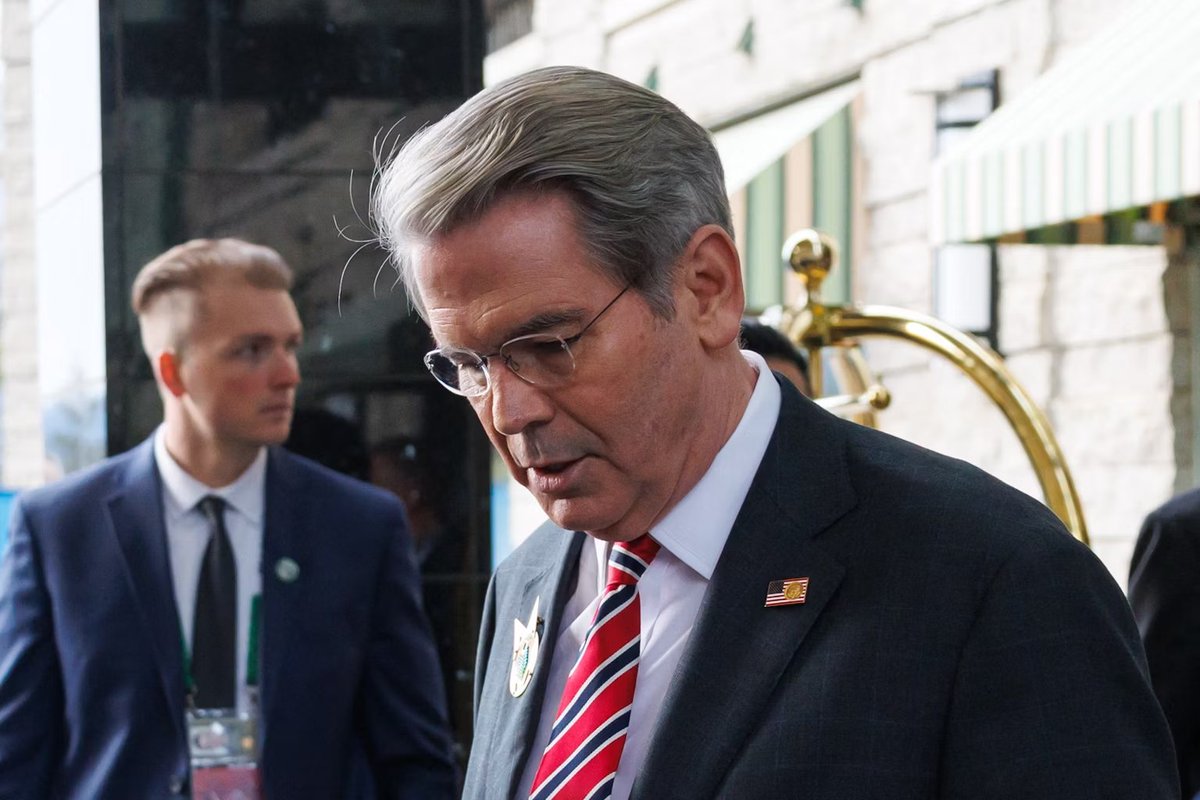 The 79th United States Secretary of the Treasury...Lets make a deal Man. Whenever I hear him speak it's like I can almost hear his soul crying out "Tell the Truth" but he just doesn't have the strength to do it, and then here comes the avalanche of Bullshit.  You get deal, you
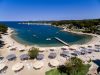FKK-Urlaub Valalta Rovinj Kroatien - Sandbucht mit Blick aufs Meer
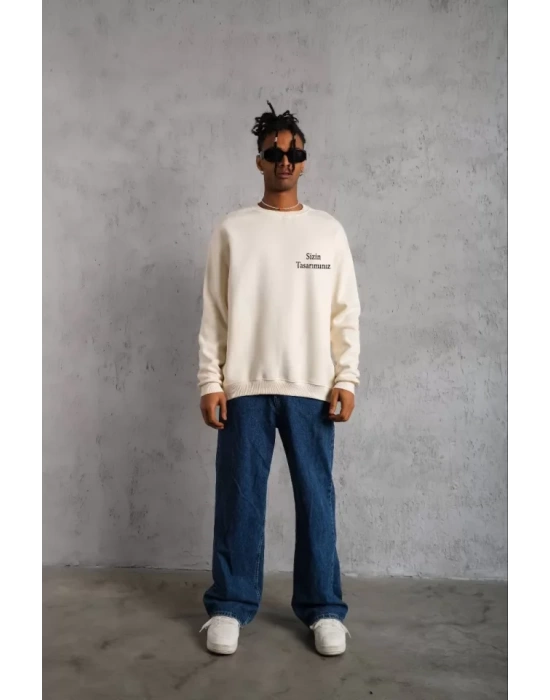 Üç İplik Biskilet Yaka Sweatshirt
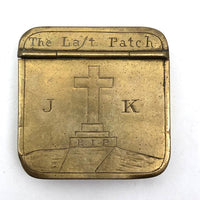 The Last Patch, Late 18th/Early 19th. C. British Hand-Engraved Brass Snuff (Patch) Box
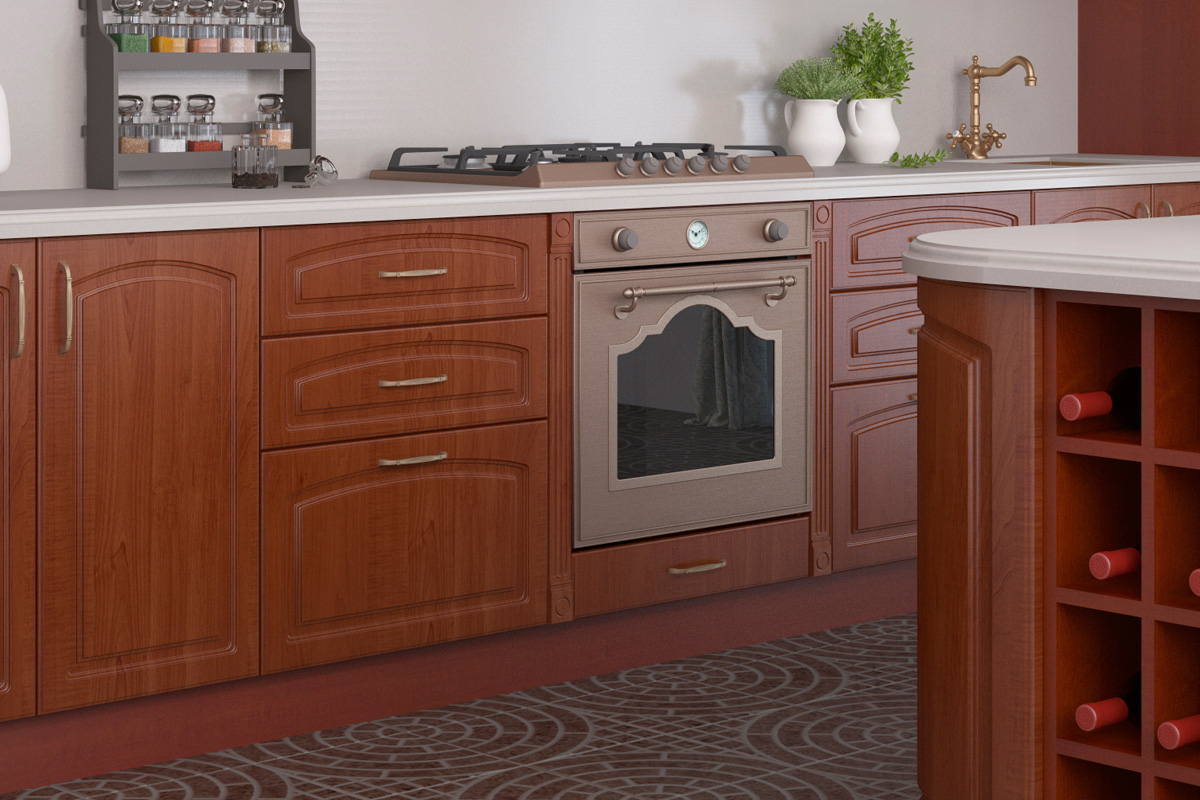 Карнизы для кухонного шкафа  «Пилястры» Пилястра №603 SIDAK SIST3478-8773 - Вид №1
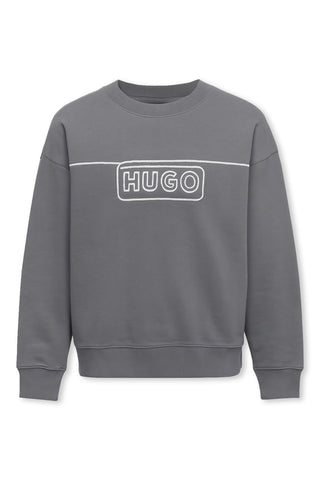 Men's Grey Hugo Boss Nalves Crew Sweater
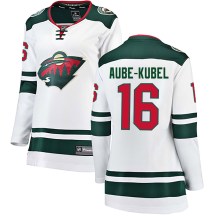 Women's Fanatics Branded Minnesota Wild Nicolas Aube-Kubel White Away Jersey - Breakaway Women's Fanatics Branded Minnesota Wild Nicolas Aube-Kubel White Away Jersey - Breakaway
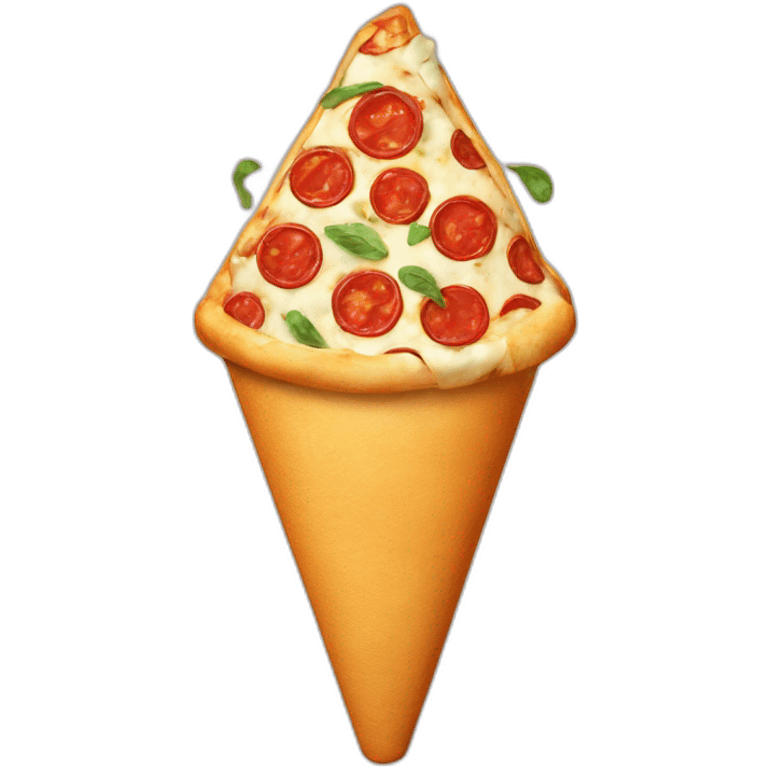 Pizza cone emoji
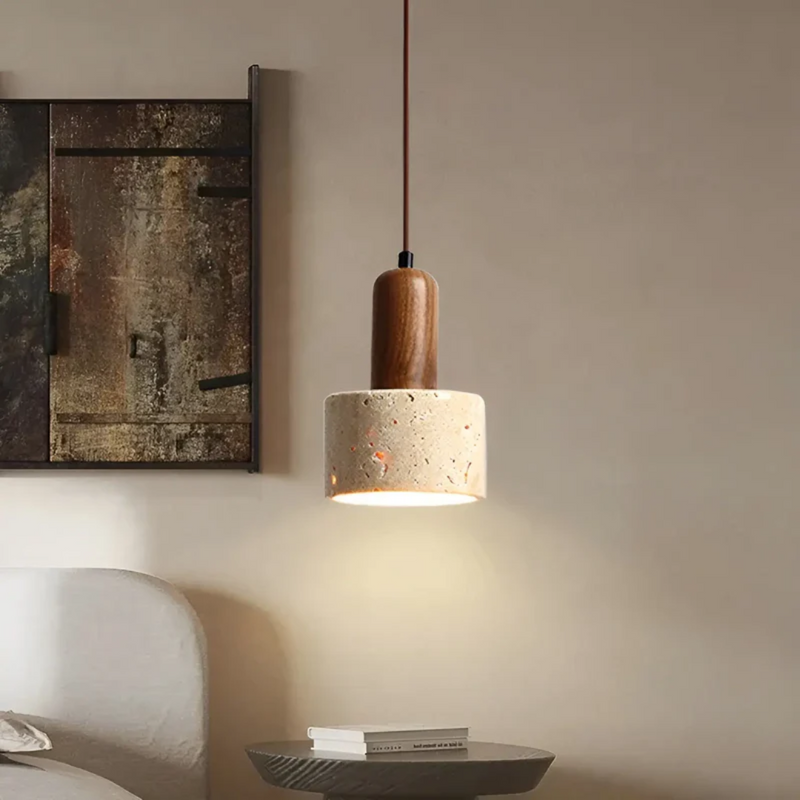 Japanese Design Wabi-Sabi Ceiling Lamp - TranquilGlow-State of Style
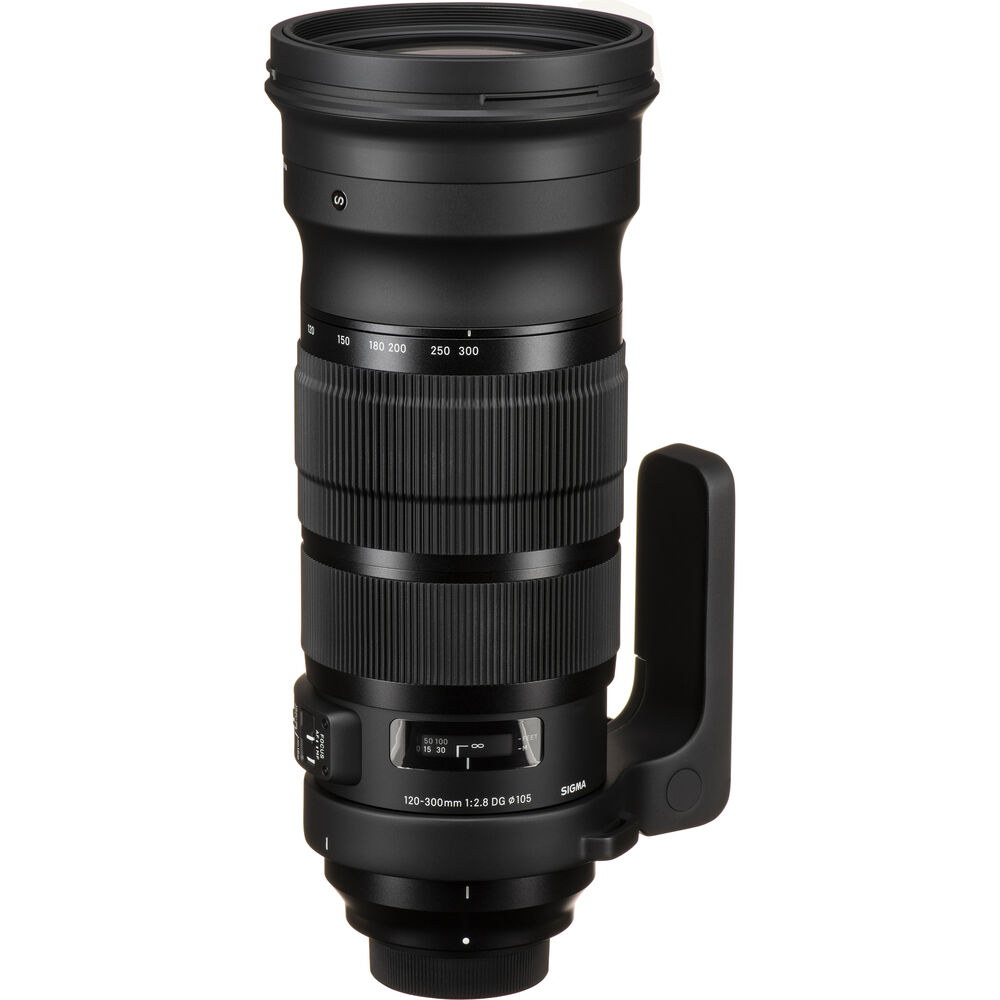 Used Sigma 120-300mm F/2.8 DG OS HSM Sport + TC-2.0 Nikon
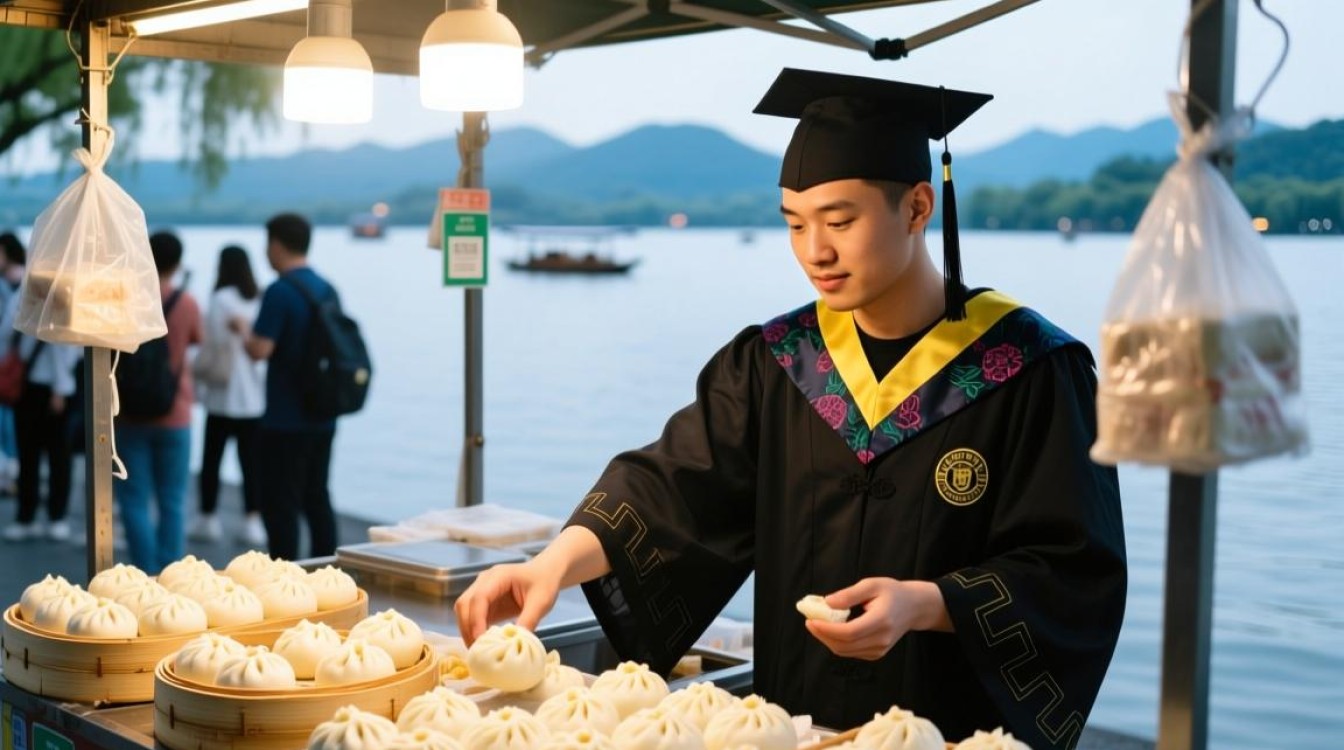 杭州硕士摆摊卖包子成网红现象-图3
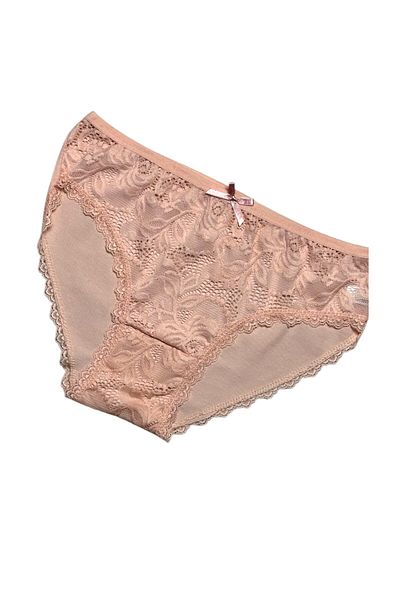 Gizli Butik Βαμβακερό Δαντελένιο Μπικίνι Σλιπ - Yavruağzı
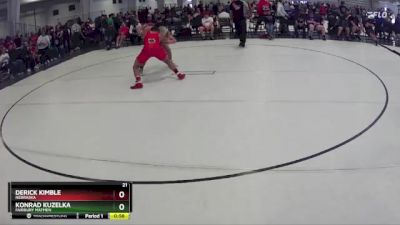 168 lbs Cons. Round 3 - Konrad Kuzelka, Fairbury MatMen vs Derick Kimble, Nebraska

* Problem to solve
Your answer must be the lines from the one containing "Gizli Butik Βαμβακερό" through the final line of the entries, duplicated exactly, with both ends kept and all pictures left out.

* Solution to the exercise
 Gizli Butik Βαμβακερό Δαντελένιο Μπικίνι Σλιπ - Yavruağzı
 168 lbs Cons. Round 3 - Konrad Kuzelka, Fairbury MatMen vs Derick Kimble, Nebraska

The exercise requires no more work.